--- ENTRIES SUPPLIED ---
● ● ● ●
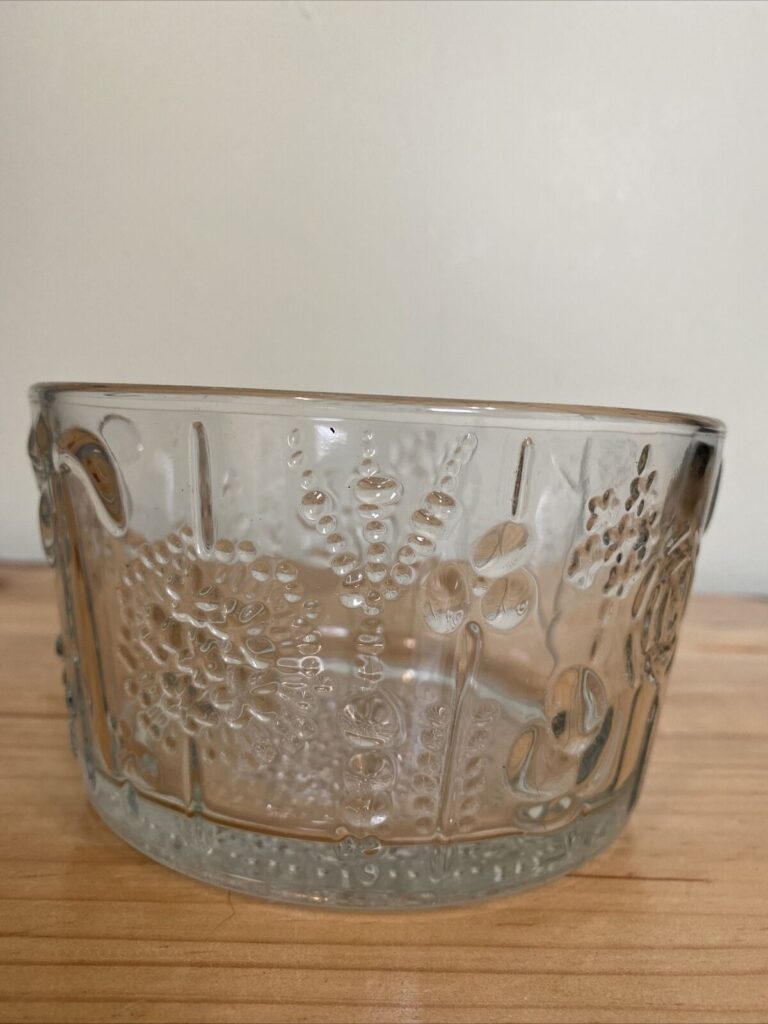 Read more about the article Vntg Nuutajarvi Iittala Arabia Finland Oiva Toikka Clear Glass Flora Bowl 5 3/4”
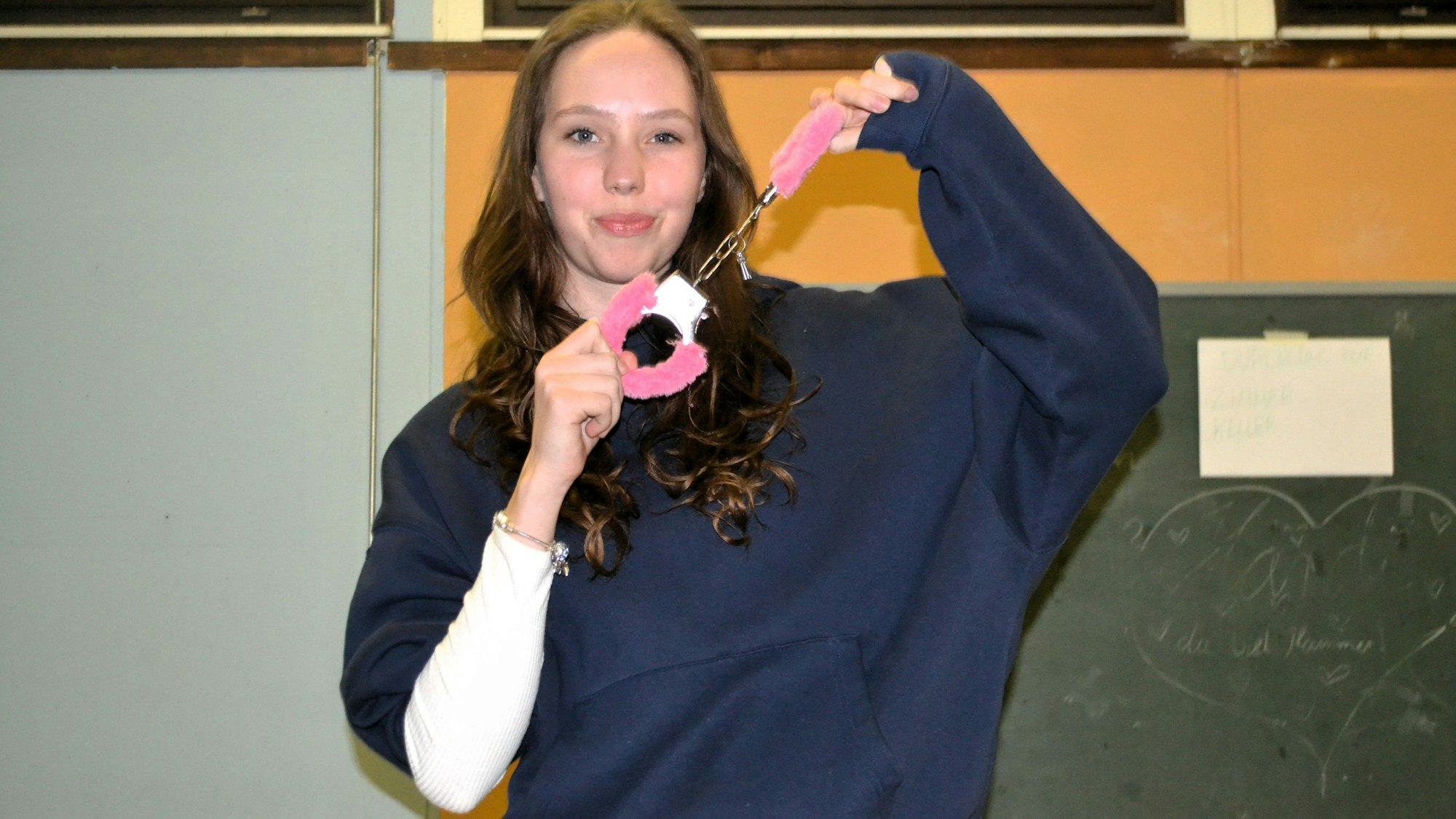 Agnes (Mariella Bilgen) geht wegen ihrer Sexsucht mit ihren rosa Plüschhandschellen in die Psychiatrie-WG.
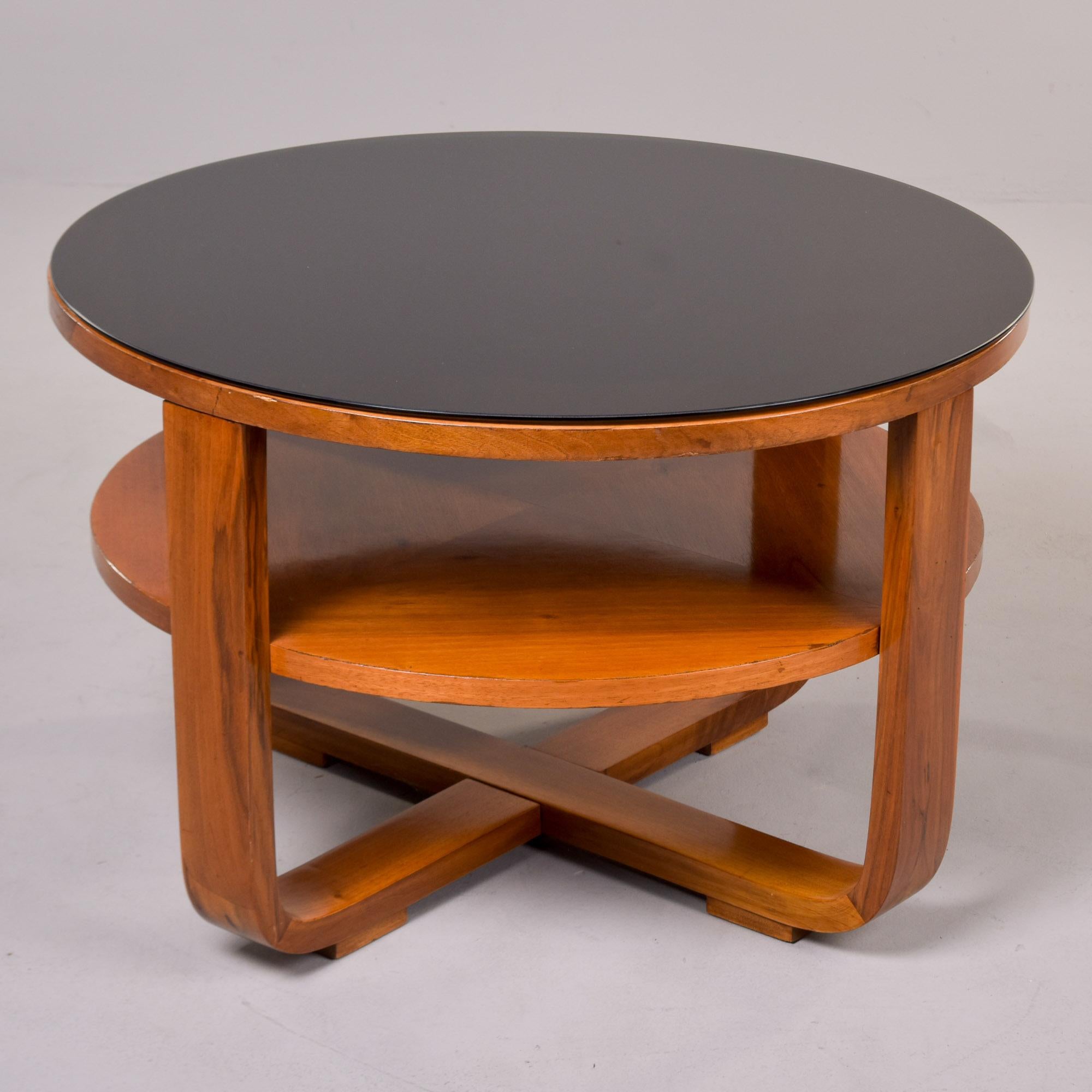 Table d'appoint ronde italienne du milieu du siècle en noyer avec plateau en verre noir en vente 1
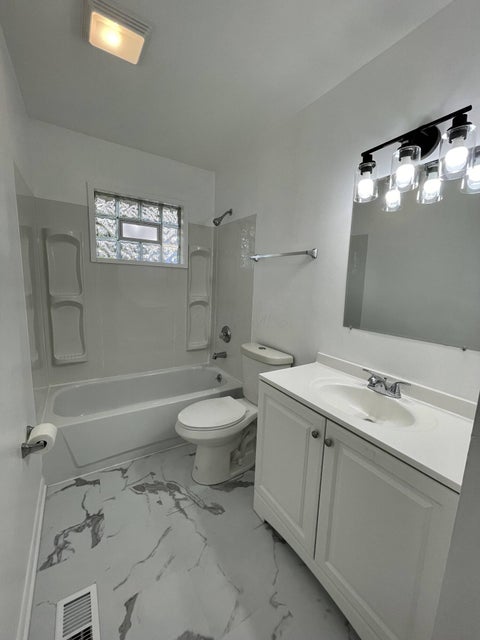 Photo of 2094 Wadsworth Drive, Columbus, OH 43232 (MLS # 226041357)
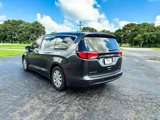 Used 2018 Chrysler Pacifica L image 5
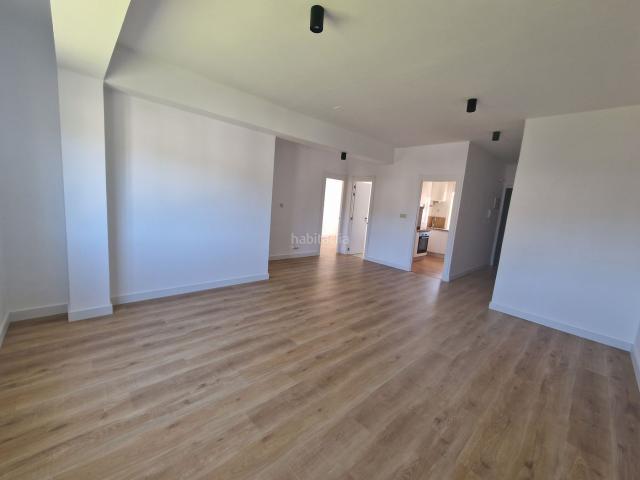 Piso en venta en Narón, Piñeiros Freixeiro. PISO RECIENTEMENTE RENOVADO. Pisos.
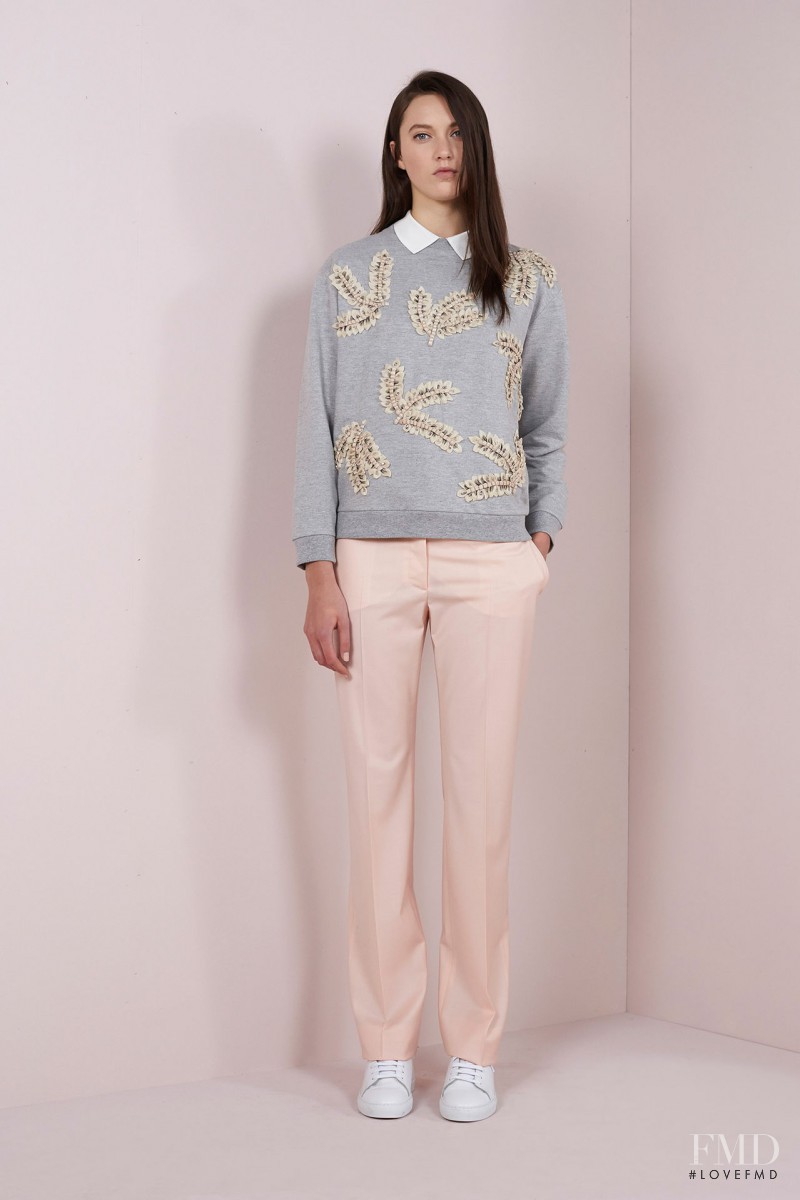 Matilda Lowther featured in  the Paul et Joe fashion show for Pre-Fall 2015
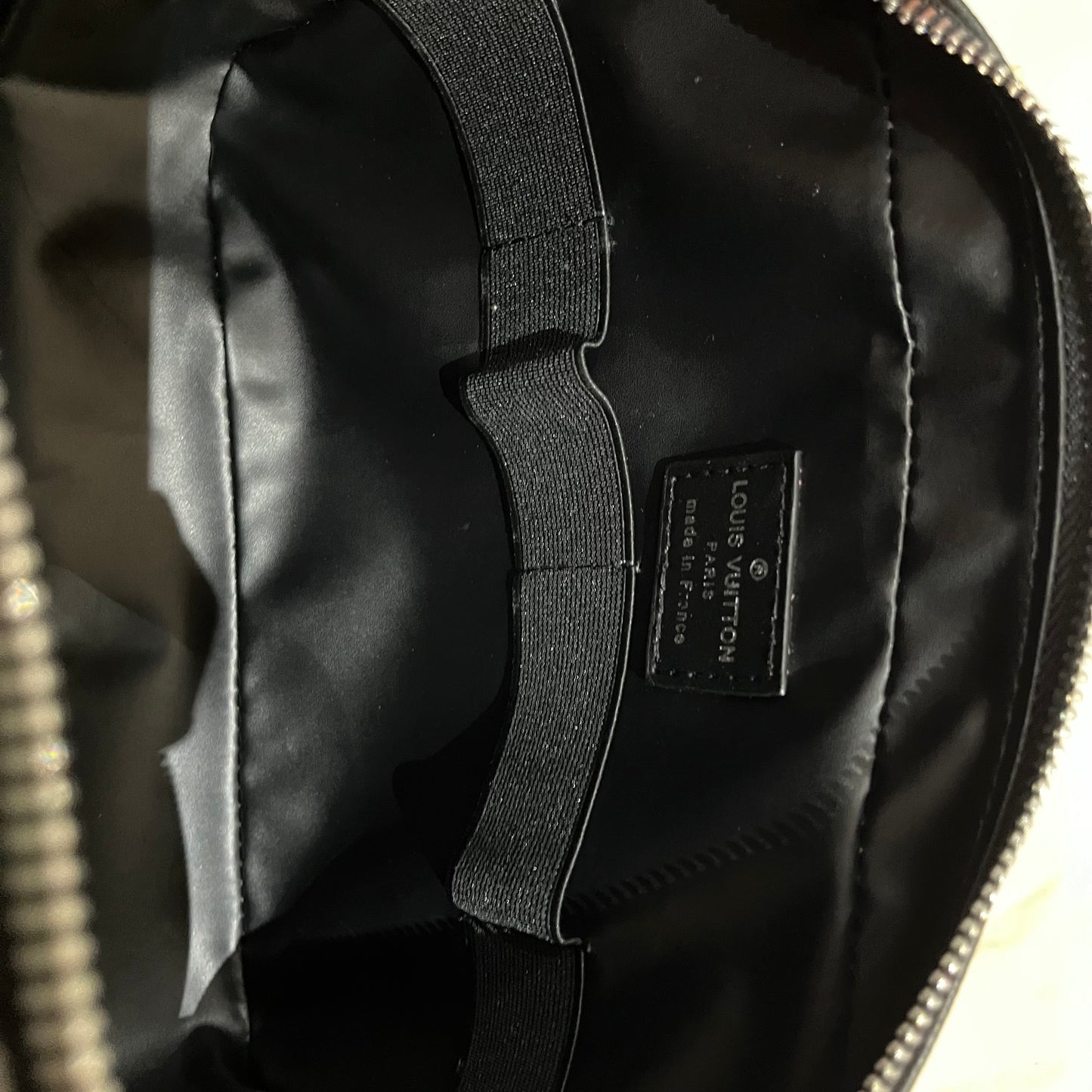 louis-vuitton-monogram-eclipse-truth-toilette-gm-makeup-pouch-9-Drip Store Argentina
● ● ● ●
--- WHAT TO DO ---
Leaving out any pictures, write the records above out exactly as they are.

--- ANSWER BOX ---
 Read more about the article Vntg Nuutajarvi Iittala Arabia Finland Oiva Toikka Clear Glass Flora Bowl 5 3/4”
 Agnes (Mariella Bilgen) geht wegen ihrer Sexsucht mit ihren rosa Plüschhandschellen in die Psychiatrie-WG.
 Table d'appoint ronde italienne du milieu du siècle en noyer avec plateau en verre noir en vente 1
 Photo of 2094 Wadsworth Drive, Columbus, OH 43232 (MLS # 226041357)
 Used 2018 Chrysler Pacifica L image 5
 Piso en venta en Narón, Piñeiros Freixeiro. PISO RECIENTEMENTE RENOVADO. Pisos.
 Matilda Lowther featured in  the Paul et Joe fashion show for Pre-Fall 2015
 louis-vuitton-monogram-eclipse-truth-toilette-gm-makeup-pouch-9-Drip Store Argentina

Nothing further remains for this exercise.